5.4 1,3,5,7,11,13,15,25 1,3,5,7,11,13,15,25  Phase Plane

 

Learning Outcomes.

Upon completion of the course students will have demonstrated an understanding of the following:

  1. Classifications of ordinary and partial differential equations, linear and nonlinear differential equations.

  2. Solutions of differential equations and initial value problems, and the concepts of existence and uniqueness of a solution to an initial value problem.

  3. Using direction fields and the method of isoclines as qualitative techniques for analyzing the asymptotic behavior of solutions of first order differential equations.

  4. Using the phase line to characterize the asymptotic behavior of solutions for autonomous first order differential equations.

  5. Classification of the stability properties of equilibrium solutions of autonomous first order differential equations.

  6. Separable, linear and exact first order differential equations.

  7. Substitution and transformation techniques for first order linear differential equations of special forms.
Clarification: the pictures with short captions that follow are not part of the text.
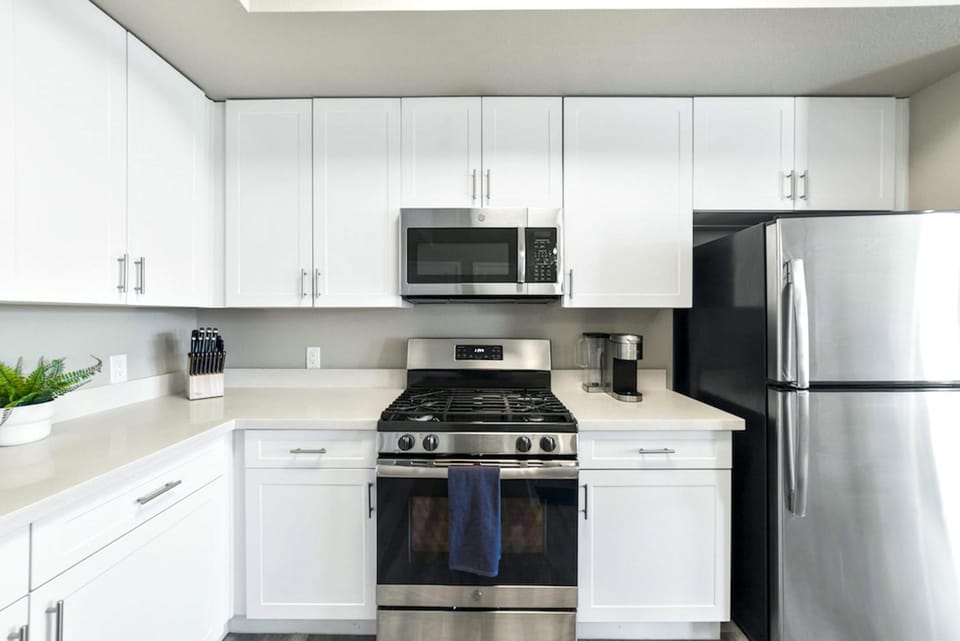 Coffee/tea facilities, Kitchen or kitchenette, oven, stove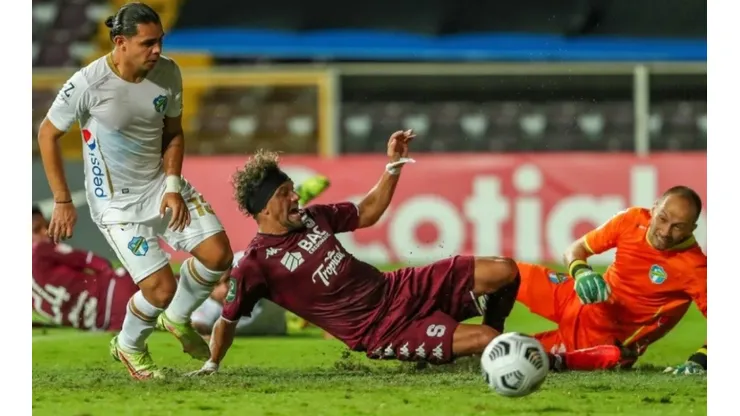 Oficial: Alineaciones de Comunicaciones y Saprissa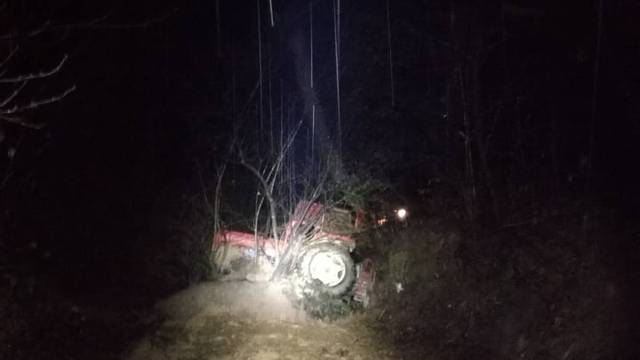 Zemlja je zatrpala traktor kraj Požege, vozač se jedva spasio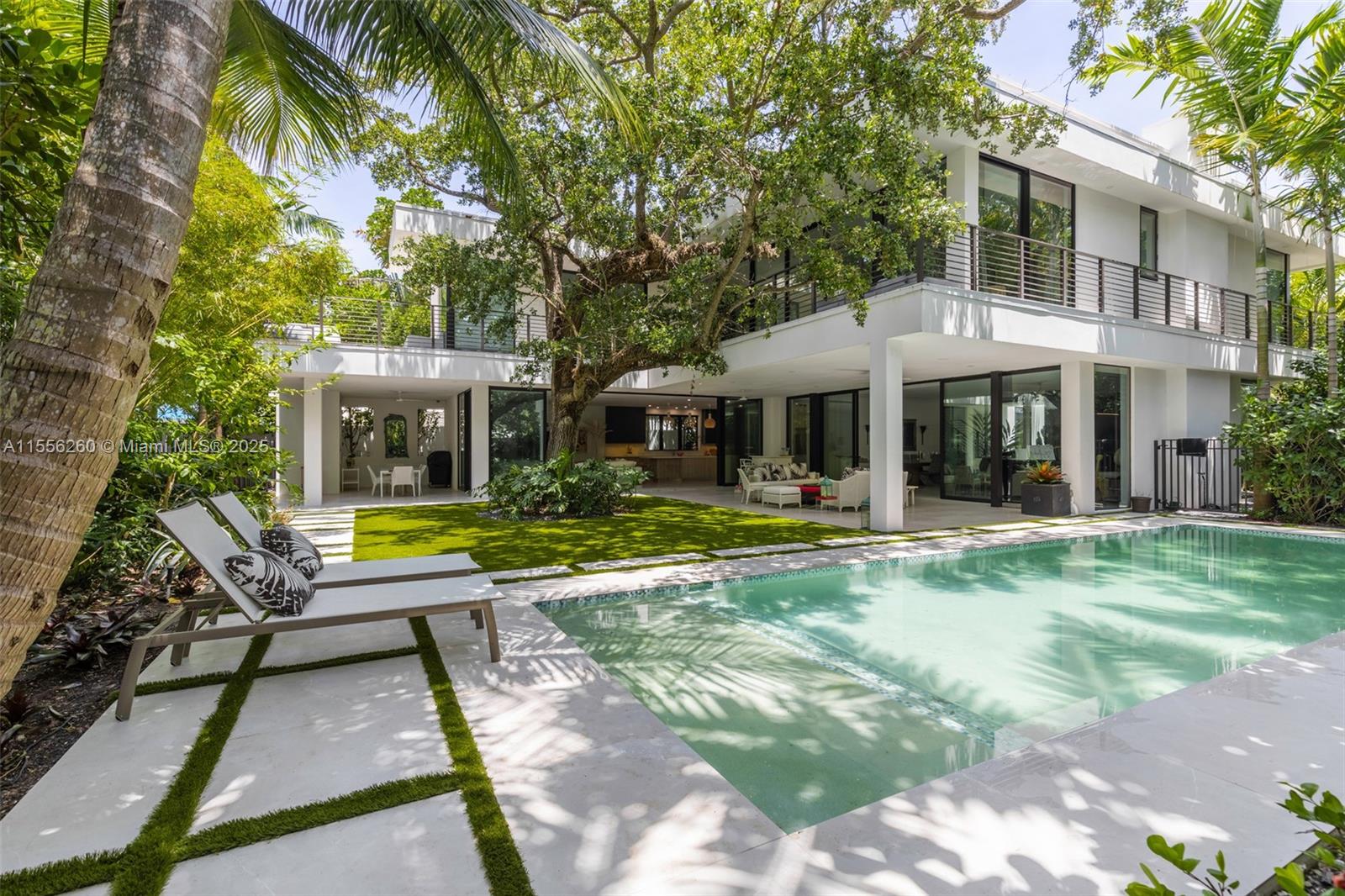 3470 Poinciana Ave Coconut Grove, FL 33133 3470 Poinciana Ave Coconut Grove, FL 33133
These include Bernoulli and homogeneous equations.

  8. Mathematical modeling applications of first and second order differential equations.
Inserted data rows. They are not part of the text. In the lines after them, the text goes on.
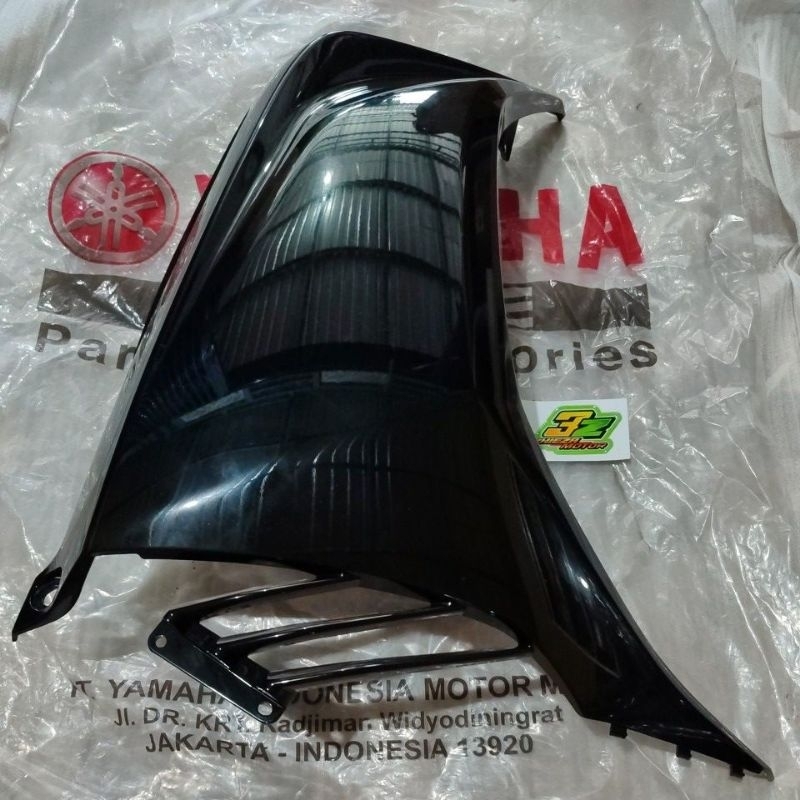 Legshield leksil sayap luar kanan jupiter mx new 50C hitam black mx P0 original ygp / 50C-F8312-00-P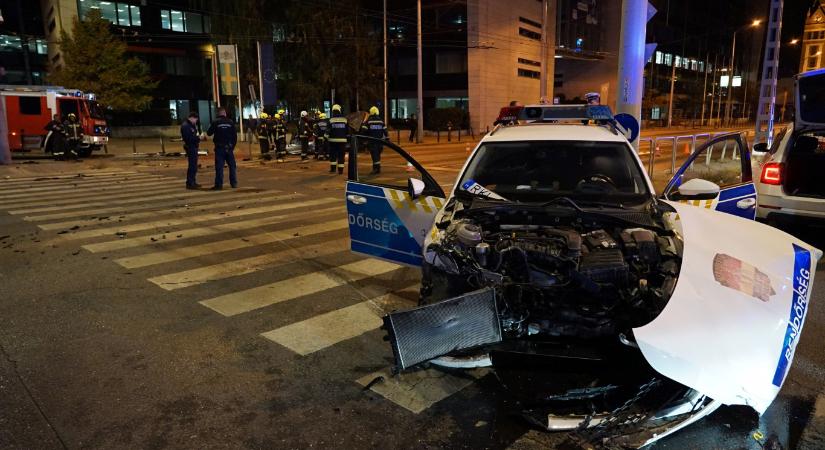 Rendőrautóval ütközött a Kerepesi és a Hungária körút kereszteződésében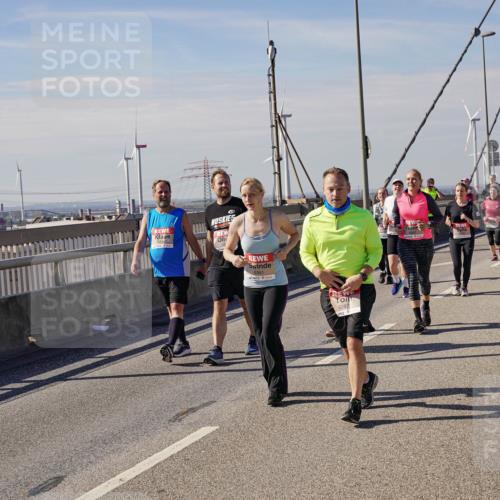 03.10.2025 - Köhlbrandbrückenlauf Michael Burmester http://msf.ph/oto/9118535 03.10.2025 12:59:52 Position 2 6287 meine-sportfotos.de
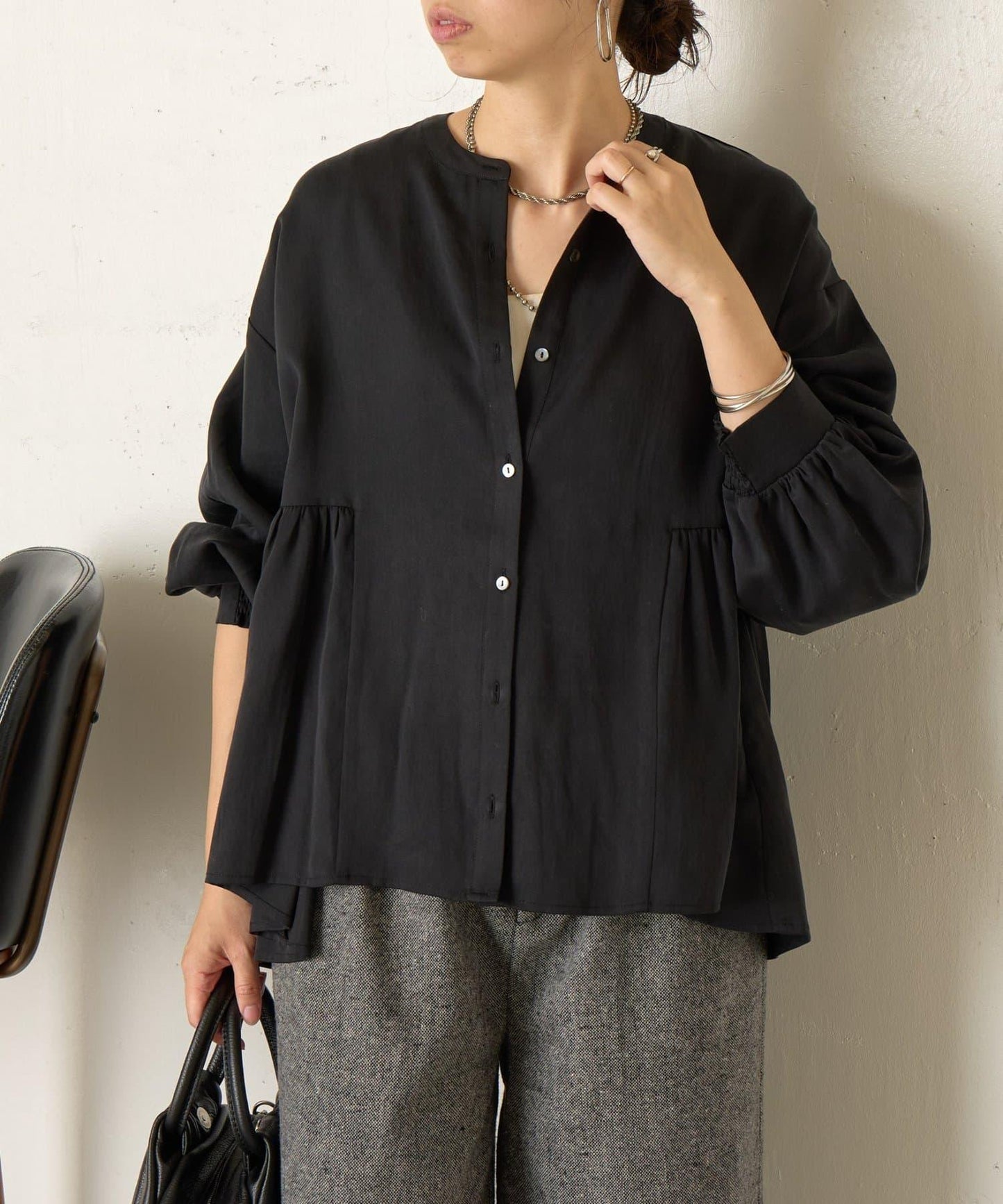 後背拼接褶皺襯衫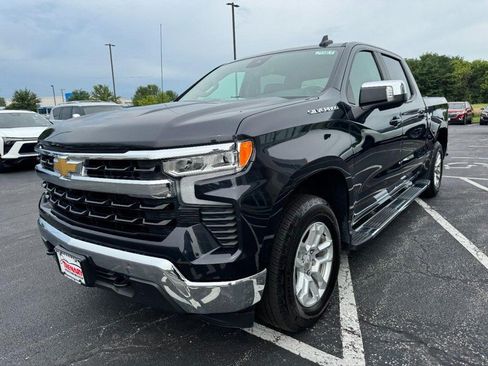 Used 2023 Chevrolet Silverado 1500 LT w/ Max Trailering Package AWD/4WD image 8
  9. Methods for solving second order, linear, constant coefficient differential equations. (includes both homogeneous and nonhomogeneous equations)
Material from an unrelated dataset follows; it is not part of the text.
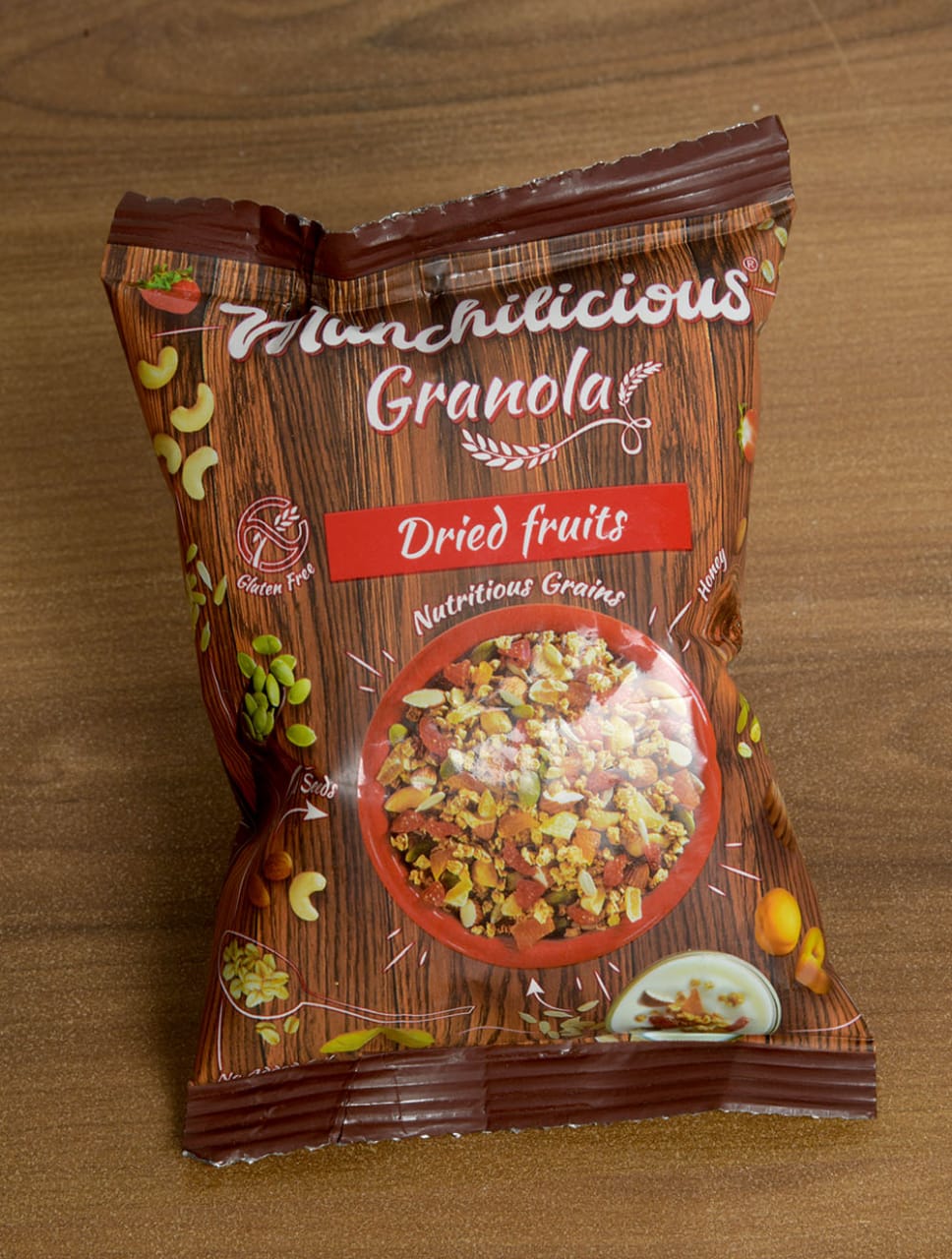 Munchilicious Granola, Dried Fruits (A Soch Foods LLP Product)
  10. Some techniques for solving second order, linear, variable coefficient differential equations. (includes Variation of Parameters, Reduction of Order and Variable Substitutions for Euler equations)

  11. The principal of superposition for linear differential equations.

  12. Basic theory of nth order linear, constant coefficient ordinary differential equations.

  13. The method of Laplace Transforms for solving first and second order, linear ordinary differential equations.

  14. Using Unit Step (Heaviside) and Dirac Delta functions to model discontinuous, periodic and impulse forcing functions for first and second order, linear ordinary differential equations.

  15. Using Laplace Transforms to solve linear differential equations containing Unit Step (Heaviside) and Dirac Delta functions.

  16. Basic matrix methods for linear systems of ordinary differential equations.
    Phase planes for linear systems of ordinary differential equations.

  17. Existence and uniqueness of solutions for initial value problems taking the form of linear systems of ordinary differential equations and corresponding initial conditions.